Short descriptive text snippets:

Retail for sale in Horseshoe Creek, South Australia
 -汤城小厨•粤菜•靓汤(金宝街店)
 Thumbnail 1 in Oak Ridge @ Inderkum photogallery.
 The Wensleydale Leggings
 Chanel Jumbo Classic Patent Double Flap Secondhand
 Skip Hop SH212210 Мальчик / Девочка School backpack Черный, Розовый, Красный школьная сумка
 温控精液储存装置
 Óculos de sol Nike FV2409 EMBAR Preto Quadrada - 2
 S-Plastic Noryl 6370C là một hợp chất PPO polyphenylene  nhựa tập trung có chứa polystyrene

Work instruction: An exact reproduction of all the entries above is required.

Task result:
Retail for sale in Horseshoe Creek, South Australia
 -汤城小厨•粤菜•靓汤(金宝街店)
 Thumbnail 1 in Oak Ridge @ Inderkum photogallery.
 The Wensleydale Leggings
 Chanel Jumbo Classic Patent Double Flap Secondhand
 Skip Hop SH212210 Мальчик / Девочка School backpack Черный, Розовый, Красный школьная сумка
 温控精液储存装置
 Óculos de sol Nike FV2409 EMBAR Preto Quadrada - 2
 S-Plastic Noryl 6370C là một hợp chất PPO polyphenylene  nhựa tập trung có chứa polystyrene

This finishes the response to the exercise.